How Networking In Antarctica Could Give Women In STEM Fields The Ultimate Advantage
While the goal of networking is to bring people together, one program is proving that you don't have to slap on a name tag and go to a happy hour in a crowded bar to interact with other people in your field. Homeward Bound is a leadership initiative for female scientists, and the program kicked off its efforts last December with an expedition to maybe the least crowded locale on the planet: Antarctica. These women will take their ice below their feet, rather than in a drink, at their meetups.
Homeward Bound looks to provide leadership training to female scientists and increase their influence in policy and advocacy. According to its website, its vision is:
To equip a 1,000-strong global collaboration of women with a science background to lead, influence and contribute to policy and decision making as it informs the future of our planet within 10 years.
The inaugural group of 76 women set sail for Antarctica last December for a three-week excursion, which focused on teaching them how to magnify their research findings beyond the scientific community.
Homeward Bound is filling a void for women in the sciences, participant Heidi Steltzer tells Bustle. Steltzer, who is a climate scientist, points to how her undergraduate program was close to 60 percent female, but at every level of advancement in her education and career, those numbers have dwindled.
"You have your group of friends that you made early, but it doesn't keep getting replenished," Steltzer says. "I have a lot of male colleagues who are incredible and very supportive, but there's something different about having women to talk through some of the career-work balance and desire for impact challenges."
On social media, Homeward Bound talks a lot about encouraging women to "find your voice." Steltzer says that what motivated her to apply to the program was to find her own voice for connect the research she is doing to real-world action.
"I can see that the science isn’t being used by society. We're not seeing the changes that need to take place, the actions that need to take place to minimize harm to more people," Steltzer says. "I wanted to understand better where and how I can have greater influence on the world."
Scientists are not given the training to work outside of their research, which Steltzer says stunts what they are able to do with their work. According to her, they don't receive sufficient leadership training, and they aren't trained or directed on how to effectively communicate their findings to a non-scientific audience.
"There’s a set of skills that I haven’t been taught as a scientist that are key to any endeavor where you want to have more impact," Steltzer says. "And for me, it's wanting to have the science have greater impact."
The choice to go to Antarctica wasn't just a cursory decision. One of the reasons for going to Antarctica, besides its beauty and inspirational landscapes, Steltzer says, was to push the women out of their comfort zones.
Being in such an environment really allowed the women to intensely bond in the kind of way that comes from sharing a unique experience in a remote location. "It gives you the time to focus more on getting to know each other, on what were learning and on incredibly meaningful conversations," Steltzer says. "One of the best things that happened on the trip, even moreso after the trip, is the discussions I've had with the women I've met."

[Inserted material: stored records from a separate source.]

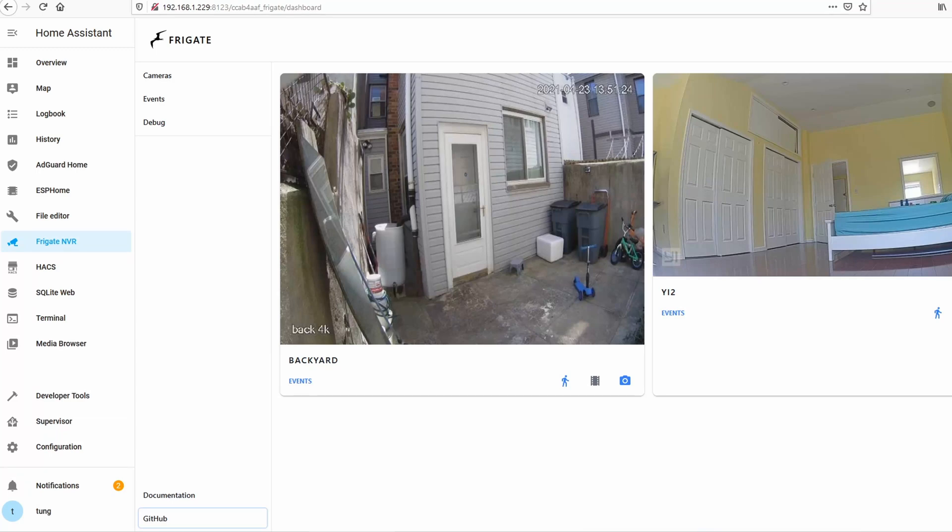I'm back today with another exciting home assistant tutorial. I've never been so excited in my life, like ever on YouTube anyway. This is Frigate.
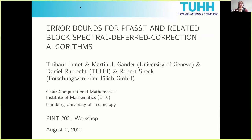Thank you Jacob for the introduction and hello everyone. As mentioned by Jacob, I will talk about FAST and SDC, and I will present the result of a joint work between Martin Gander, Daniel Ruprecht, Robert Speck, and myself.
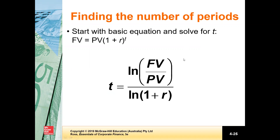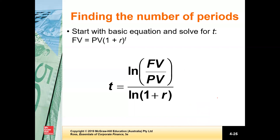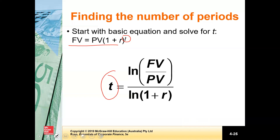By this time, you are familiar with the present value and future value equation, which is shown here. The future value equals present value times one plus R to the power T. In the previous videos, we have seen how we calculate present values, future values, and the associated discount rates. Now we want to know how to find out the value of T — meaning, if we have an investment amount, we know the rate of return we are going to earn, and we have a desired value, but we want to know how long it will take to achieve that desired value. T can be found by rearranging this equation.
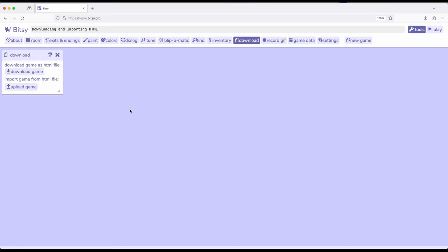So something I encourage people to do using the download tool is if they expect to have different versions of a game, they might go ahead and download that version, save it to another folder on a local device, and then as they're working through, potentially download the game again, and that way you have different versions you can then upload.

While science is a very competitive field, one of the great things about this program is that it teaches women to work collaboratively on projects, even across disciplines of science, explains Steltzer.
"How do we create a culture of leadership where we’re really looking to foster strength in ourselves, but also in others?" Steltzer says. "We recognize that there needs to be collaboration and inclusiveness. And I think that women tend to act in those ways as leaders, and so increasing the number of women in leadership positions increases that dynamic."
And the number of women to collaborate and network with will continue to grow over the next decade, with each new group that journeys to Antarctica with Homeward Bound. The inaugural group will help the newcomers when they join the program, continuing to expand the support network they started. But beyond that, participants are encouraged to create their own groups and programs to connect women in science. With each new foot that steps on the glacial ice, the reach of Homeward Bound will grow exponentially, and if all goes as planned, female scientists will continue to expand their influence in the STEM world.
"I feel like Homeward Bound gave me a sense of comfort to move forward boldly on something I've wanted to do for 20 years, but I felt constrained," Steltzer says. "It's easier to be bold when you have friends to be bold with."